En la soledad de mi casa, mi anciana madre me esperaba con ojos llorosos. Esperé que se fuera a dormir, vi la caja, pero mis lágrimas no paraban de salir. La impotencia, el dolor y la rabia se apoderaron de mi ser, pensaba en mis 40 años ininterrumpidos de trabajo, y tener que salir a las 10 de la noche de mi hogar y regresar a las 3:00 de la madrugada con una caja de alimentos ¿Qué estoy haciendo? Me sentí humillada, vejada, violada.

Trabajo para poder comprar lo que desee, lo que pueda, cuando quiera y dónde quiera, como lo hacía antes. Lo que tengo ha sido por esfuerzo propio, y creo que a mi edad debería estar disfrutando de otras cosas maravillosas que tiene la vida y que este país ofrecía, los políticos con su egoísmo nos fueron acabando poco a poco, y este gobierno llegó a destruir todo lo que consiguió a su paso, la corrupción, el desamor de mucha gente han arruinado nuestro país.

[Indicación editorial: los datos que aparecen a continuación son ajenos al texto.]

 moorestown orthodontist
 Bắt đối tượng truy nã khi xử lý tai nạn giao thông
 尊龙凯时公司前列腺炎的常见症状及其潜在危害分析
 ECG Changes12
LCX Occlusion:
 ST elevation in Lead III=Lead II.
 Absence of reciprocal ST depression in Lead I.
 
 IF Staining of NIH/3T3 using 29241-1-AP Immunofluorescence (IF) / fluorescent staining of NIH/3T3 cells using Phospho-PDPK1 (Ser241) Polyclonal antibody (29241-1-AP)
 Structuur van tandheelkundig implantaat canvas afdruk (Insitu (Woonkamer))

Soy una mujer de trabajo, no sé mendigar nada, si compro esta caja es porque la necesito, la pago y me corresponde por ser ciudadana de este país, pago mis impuestos en cada cosa que compro.

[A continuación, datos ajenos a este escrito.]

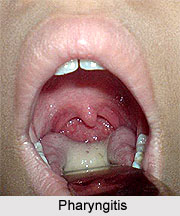 Types of Sore Throat or Pharyngitis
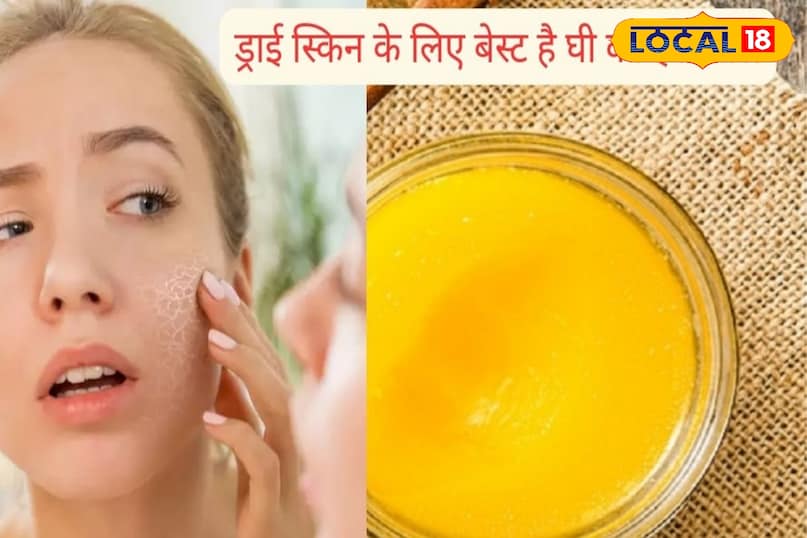 ब्यूटी टिप्स 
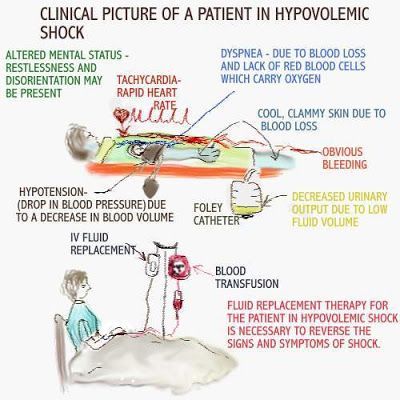 Hypovolemic Shock how are the hemodynamics effected & why? Critical care nursing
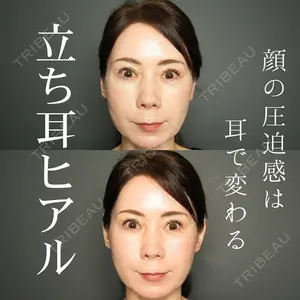 BIANCA銀座 明石 仙姫医師の症例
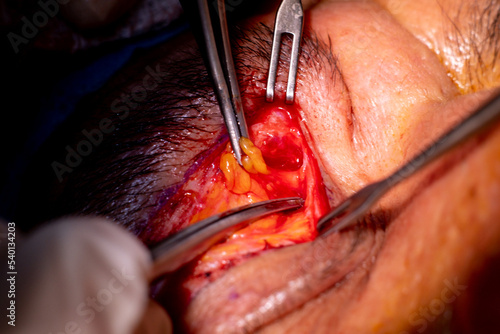 basra, iraq - August 12, 2022: closeup photo of blepharoplasty eyelid surgery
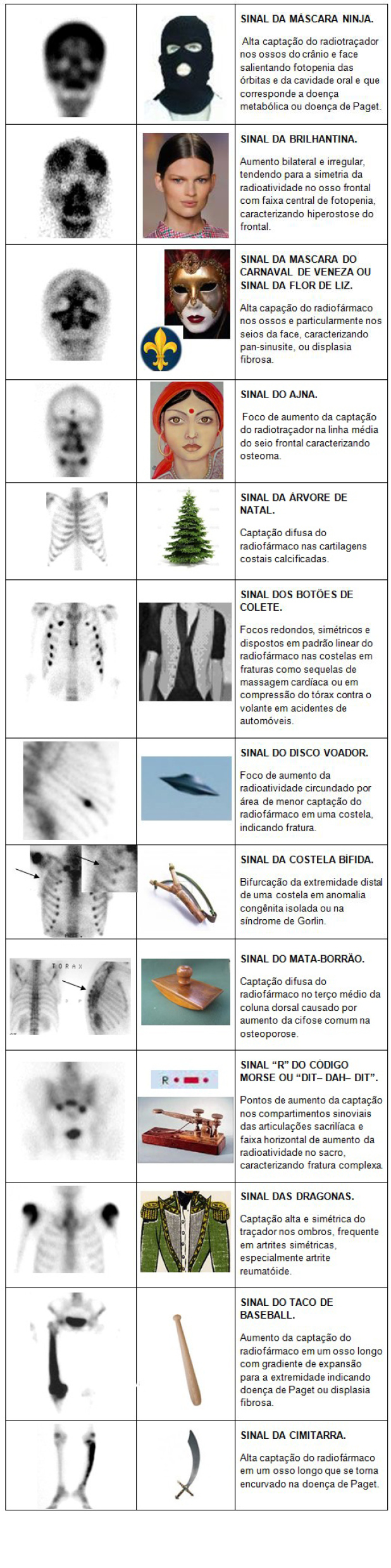 Novos sinais propostos neste trabalho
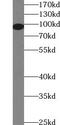 Dual specificity protein kinase TTK antibody, FNab09094, FineTest, Western Blot image 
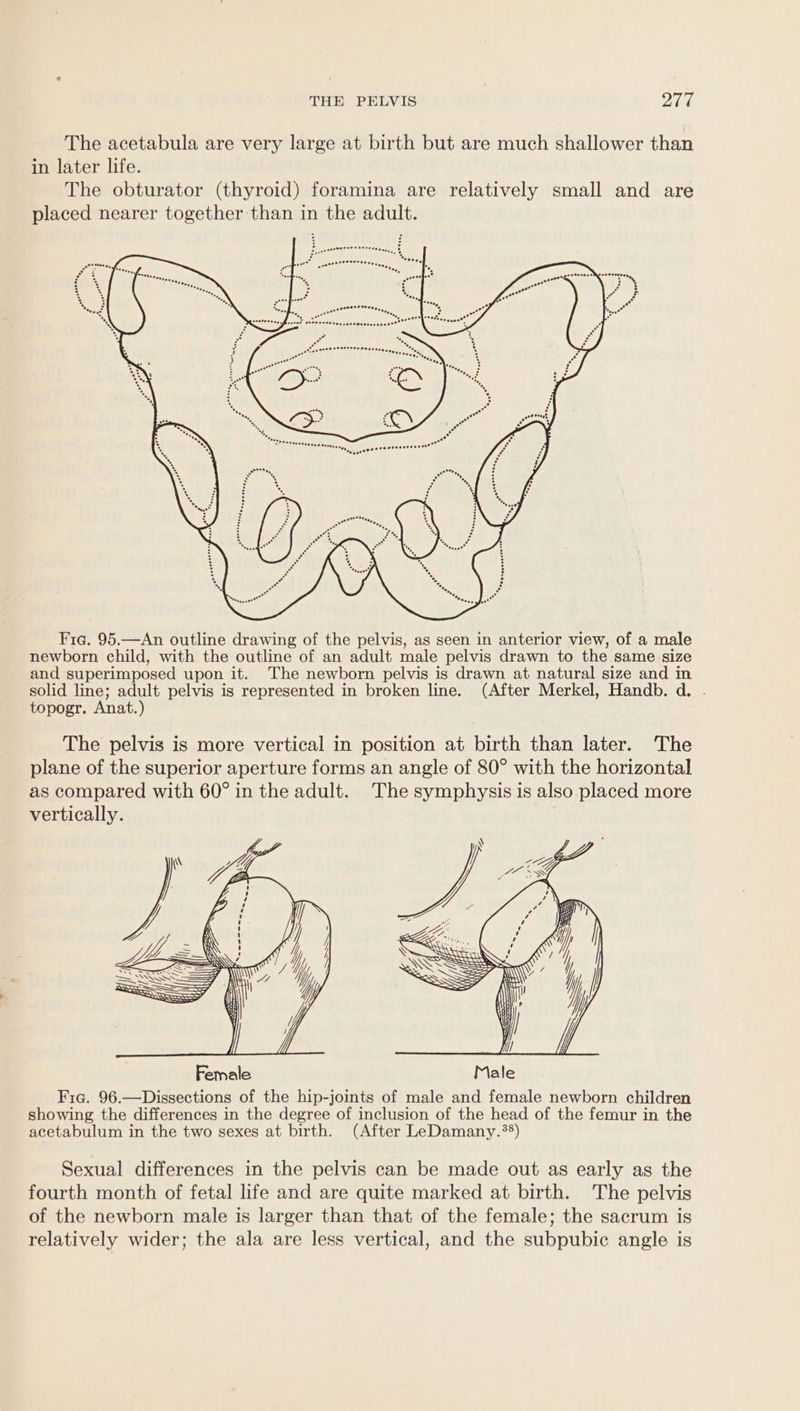 The acetabula are very large at birth but are much shallower than in later life. The obturator (thyroid) foramina are relatively small and are placed nearer together than in the adult. Fre. 95.—An outline drawing of the pelvis, as seen in anterior view, of a male newborn child, with the outline of an adult male pelvis drawn to the same size and superimposed upon it. The newborn pelvis is drawn at natural size and in solid line; adult pelvis is represented in broken line. (After Merkel, Handb. d. topogr. Anat.) The pelvis is more vertical in position at birth than later. The plane of the superior aperture forms an angle of 80° with the horizontal as compared with 60° in the adult. The symphysis is also placed more vertically. Sexual differences in the pelvis can be made out as early as the fourth month of fetal life and are quite marked at birth. The pelvis of the newborn male is larger than that of the female; the sacrum is relatively wider; the ala are less vertical, and the subpubic angle is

Mi señora madre vive conmigo, no tiene pensión a pesar de haberse inscrito tres veces, toma medicamentos y tengo que cubrir sus necesidades, no puedo comprar a los bachaqueros, creo que es corrupción y son personas que sencillamente también van en contra del pueblo trabajador y honesto, no puedo pagar los precios exorbitantes en los supermercados que tienen mercancías importadas, la inflación nos arropa y ningún salario es suficiente.

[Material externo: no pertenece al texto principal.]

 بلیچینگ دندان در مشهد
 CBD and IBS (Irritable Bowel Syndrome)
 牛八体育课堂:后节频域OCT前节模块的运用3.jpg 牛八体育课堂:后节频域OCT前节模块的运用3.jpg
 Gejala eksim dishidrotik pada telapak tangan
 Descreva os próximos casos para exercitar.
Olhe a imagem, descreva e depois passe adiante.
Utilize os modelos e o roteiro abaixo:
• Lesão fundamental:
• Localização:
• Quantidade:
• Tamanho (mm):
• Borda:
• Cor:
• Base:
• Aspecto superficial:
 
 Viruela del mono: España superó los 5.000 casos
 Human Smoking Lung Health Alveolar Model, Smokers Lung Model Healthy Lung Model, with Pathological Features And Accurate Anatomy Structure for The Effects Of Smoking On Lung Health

Los alimentos traídos por los CLAP son importados, después los embasan  en otro país, como  si aquí no hubiera gente que puede hacerlo y ganarse su sustento, –da mucho que pensar- esa noche la gente comentaba ¿quiénes se estarán llenando con esto? –sabemos quiénes- nos quieren tener como borregos, debo decir que éste dolor que siento no es por mí solamente, es por los ancianos que vi llorando, por la gente que salía como hormigas con la caja en sus hombros con su dignidad rota, por los que son chavistas, maduristas y opositores, por mis vecinos… porque nos están pisoteando, se están burlando de todos y nos están acabando, para mí, Dios está a cargo, no creo en nada más.